I was completely absorbed in The Callisto Protocol from the start. I’ve always been a fan of the survival horror genre, and it was incredible to see a company tackle such a high-budget product, even as a spiritual successor to Dead Space. The game lives up to the expectations, and while the story has issues, it’s the combat that holds it back. The game design, on the other hand, is not only visually stunning but also a touch old-school in that there is no player assistance.
It’s evident from playing the game that the publisher didn’t skimp on anything. It has a high-profile Hollywood cast for a video game, including Josh Duhamel, Sam Witwer, and Karen Fukuhara, among others. These actors were motion-captured to provide their likeness in the game. For every action in the game, there are several cutscenes and visually stunning animations. None of this comes cheap.
The Callisto Protocol takes place in the far future.
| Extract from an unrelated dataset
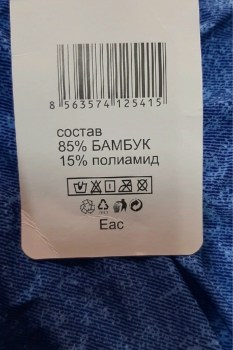 Домашняя одежда
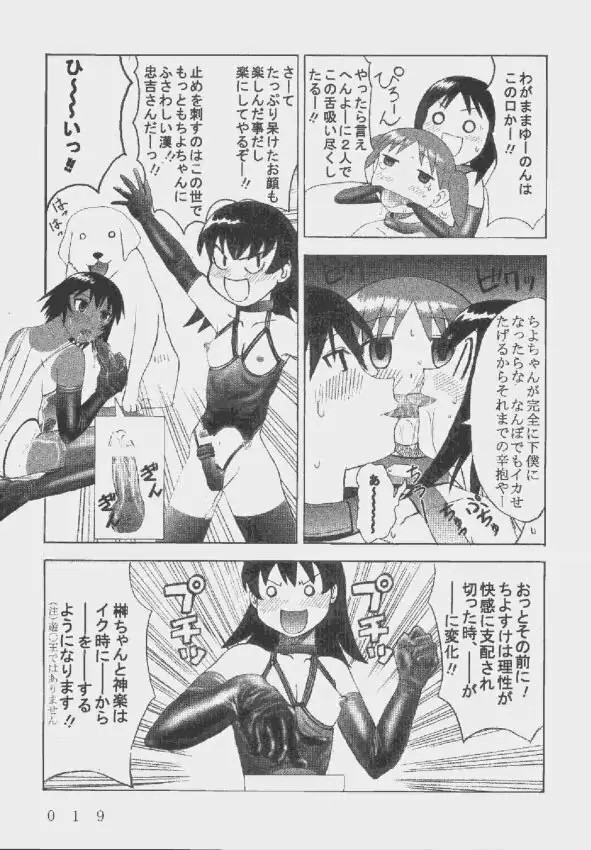 九龍城9 悪夢スペシャル2 Page.19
The game stars Josh Duhamel as Jacob Lee, a ship captain on a mission to transfer cargo to Europa from the “dead moon” Callisto’s Black Iron Prison. They are quickly trapped in a quagmire, however, when their ship is overtaken by The Outer Way, a terrorist group responsible for some of the bio attacks on humans. Its leader is Dani Nakamura, who is played by Karen Fukuhara from The Boys. This causes the ship to crash land on Callisto, and Jacob and Dani, the sole survivors, are taken alive to the Black Iron Prison and imprisoned as inmates. The game begins with Jacob awakening as a convict with the Black Iron Prison in complete disarray due to an outbreak.
The Callisto Protocol includes some beautiful set pieces that complement its story, such as the prologue, but it is primarily a linear game with some open-ended design. There is no map or other UI components on the screen, however, the game does toss tutorials at random to explain some of its features. As a result, the player must deduce their objectives based on visual cues and the layout of the levels, which I believe is beautifully done. Exploration is rewarded with perks such as health supplies or Callisto Credits, a currency. It is frequently beneficial to deviate from the main path since there is usually something to offer.
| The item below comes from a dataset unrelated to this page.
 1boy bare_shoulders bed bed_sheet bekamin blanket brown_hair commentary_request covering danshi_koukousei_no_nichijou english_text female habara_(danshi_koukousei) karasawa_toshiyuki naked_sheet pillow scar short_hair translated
The Callisto Protocol’s level design was fantastic, not to mention the stunning graphics. However, the gameplay, particularly the combat, feels a little underwhelming. The player’s only weapon option at the beginning is a melee weapon. It also has a dodge feature similar to that of a boxing game. You move the analog stick left or right by timing it with enemy attacks or simply holding it. Simply hit back with the weapon after evading the attacks. This is entertaining the first few times, but it quickly becomes monotonous. Thankfully, the game constantly throws new weaponry into the mix, which helps to alleviate some of the combat repetition.
The combat becomes more open when other weapons, such as a gravity glove and a shotgun, become accessible; nevertheless, due to a scarcity of ammo, most encounters will still rely on your melee dodging abilities. I admire how the devs opted to create their combat system instead of reusing one from another game, such as Dead Space. However, it is far from faultless, with some evident defects such as repetition. As the game is full of traps that may be employed against enemies, the gravity glove does result in some spectacular death animations.
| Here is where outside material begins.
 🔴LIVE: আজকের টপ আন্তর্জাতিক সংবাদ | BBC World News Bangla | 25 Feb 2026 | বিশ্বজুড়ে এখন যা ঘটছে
The Callisto Protocol also incorporates stealth into its gameplay. Because confronting an enemy head-on is not always advised, Jacob must choose the stealth option, as a swarm of enemies may swiftly kill him. This results in some truly disturbing animations of Jacob being killed. It’s also great to observe the attention to detail here as Jacob becomes saturated in blood as he faces more enemies. While The Callisto Protocol’s melee combat works well in one-on-one battles, it is a terrible experience among a group of enemies. Because there is no easy method to avoid multiple attacks, I am sure that virtually everyone will die at some time if they are attacked by many enemies.
The game also stands out for its inventive use of audio. DualSense allows you to hear radio chatter and audio logs. The game uses sound to induce scares, but my primary concern with The Callisto Protocol was a lack of suspense. It never seems like a true horror game, despite its attempts to promote itself as one. This is not to say that the game is bad; except for the issues mentioned above, I found it pretty enjoyable to play.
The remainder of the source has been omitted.